Three wounded after rockets land near Kabul police academy in IS-claimed attack

Three wounded after rockets land near Kabul police academy in IS-claimed attack
2 min read
24 July, 2018
Afghanistan's capital has been struck by a rocket attack just two days after a deadly suicide bombing at the city's international airport.
The Afghan capital was hit with a deadly suicide blast on Sunday [AFP]

At least three people were wounded in Kabul on Tuesday after three rockets were fired into the Afghan capital, police said.

The rockets landed in residential areas "near the mountains in PD5 (police district)" in the west of the city, police spokesman Hashmat Stanikzai said. It is not clear if a nearby police academy was the intended target.
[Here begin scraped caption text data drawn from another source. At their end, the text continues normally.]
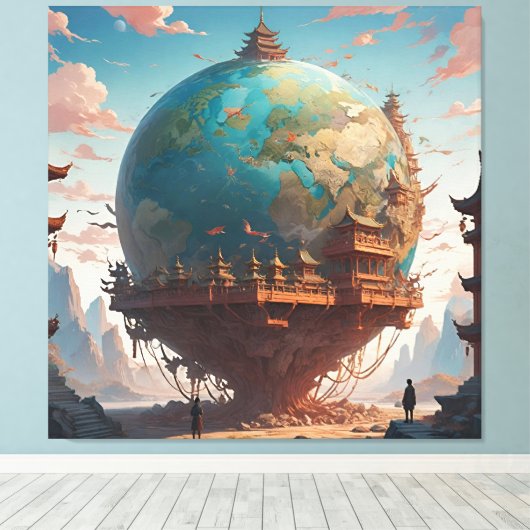 Harmonie tussen beschaving en Natuur Canvas Afdruk (Insitu (Houten vloer))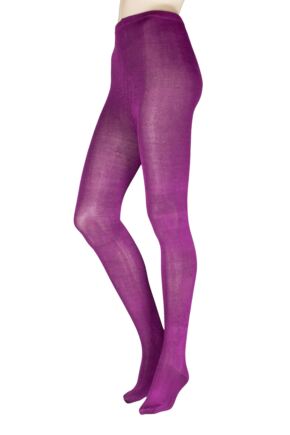 Ladies 1 Pair Elle Plain Bamboo Tights Bright Liquorice S/M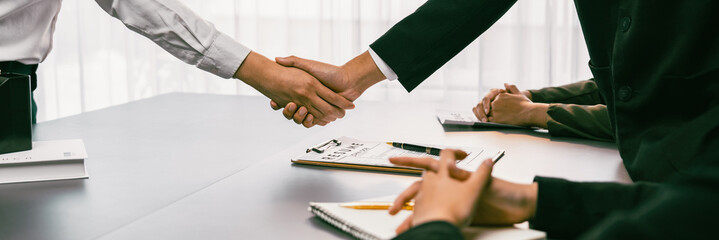 Successful job interview at business office end with handshake as the hired candidate seals the...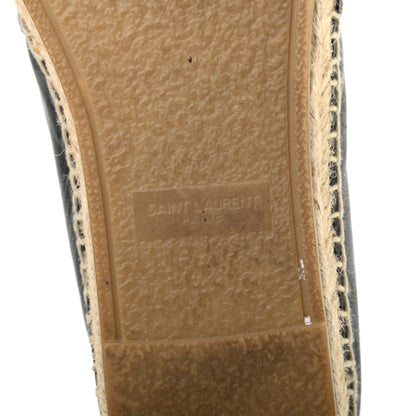 Saint Laurent Lambskin Monogram Espadrilles 38 Black 7 of 9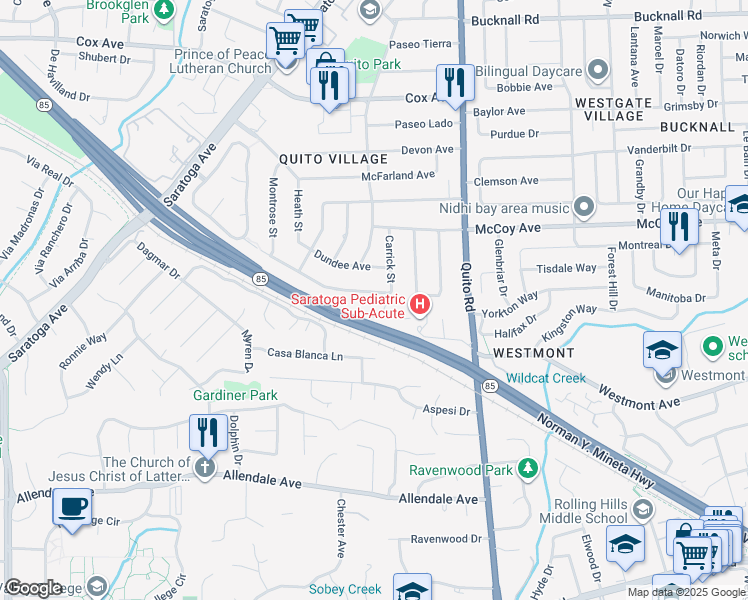 map of restaurants, bars, coffee shops, grocery stores, and more near 18732 Afton Avenue in Saratoga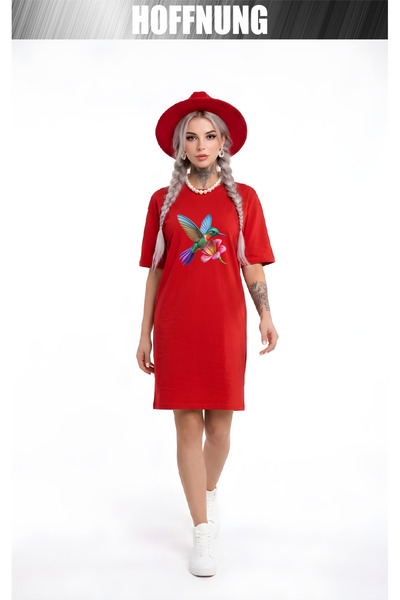 HOFFNUNG Women's Short Sleeve Crew Neck T-Shirt Dress Nightgown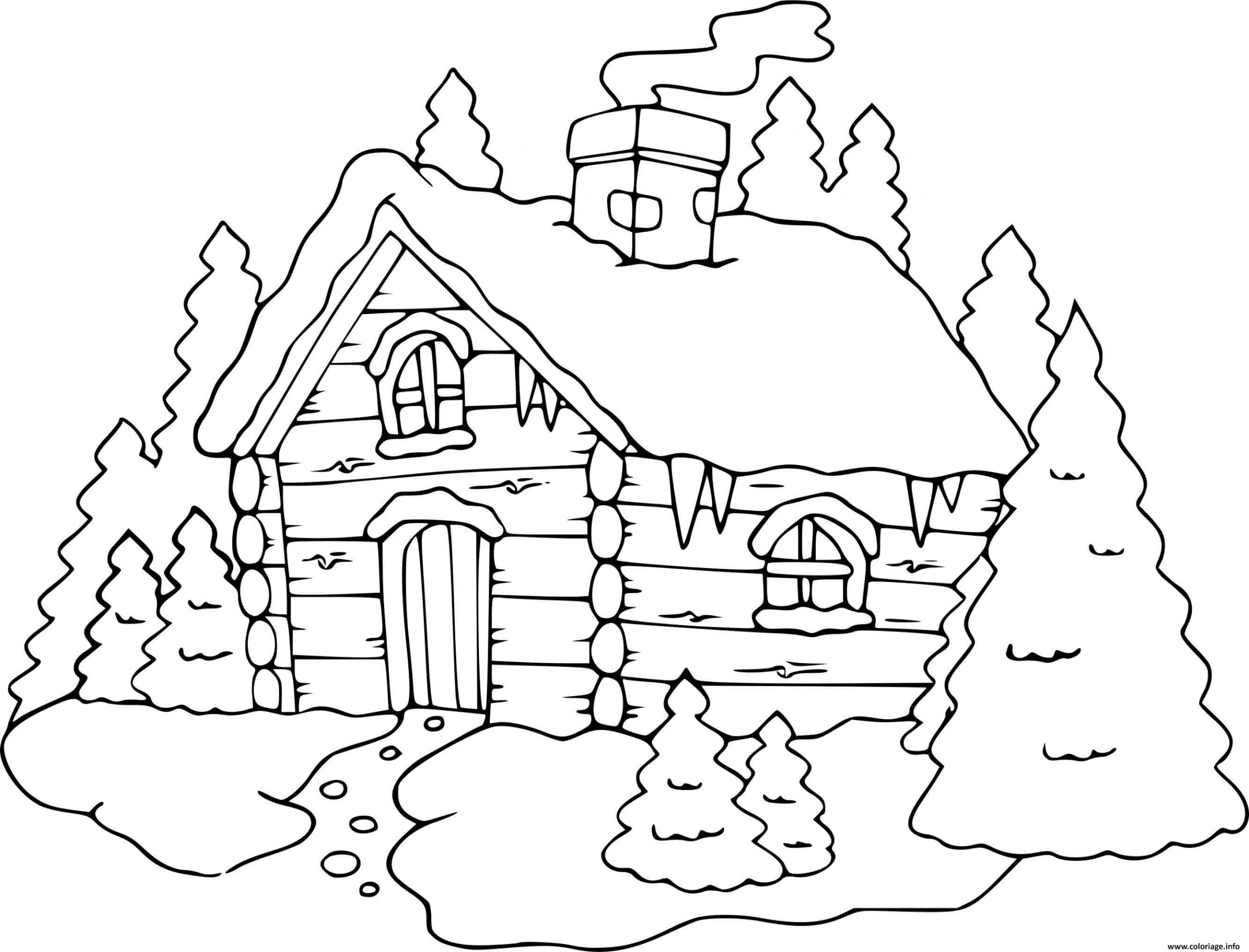 Coloriage Chalet Hiver Maison Hivernage Dessin Hiver À pour Coloriage D'Hiver,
Police have been deployed to find the launch site, Stanikzai added.

No group has come forward to claim responsibility.

The rocket attacks come just two days after a suicide bomber killed 23 people and wounded a further 107 near Kabul international airport.

Sunday's attack was claimed by the Islamic State group (IS), which said it had targeted Afghan Vice President Abdul Rashid Dostum, who returned to Kabul after more than a year in exile.

Scores of government officials, political leaders and supporters had gone to the airport to welcome home Dostum, a powerful ethnic Uzbek leader and former warlord.

Dostum was unharmed in the attack, his armoured vehicle having already whisked him away when the bomber struck.

The attacks also came a day after top US commanders told reporters in Kabul that they were seeing progress in the nearly 17-year war.

General Joseph Votel, who heads the Central Command that oversees US operations in the region, expressed "cautious optimism" that President Donald Trump's South Asia strategy was working.

As evidence, Votel pointed to the Afghan government's unilateral ceasefire last month that was reciprocated by the Taliban for three days - the first formal nationwide truce since the war started.

"Our campaign approach of (increasing) military pressure provided the time and space for diplomatic and social pressure to pursue this opportunity," Votel said.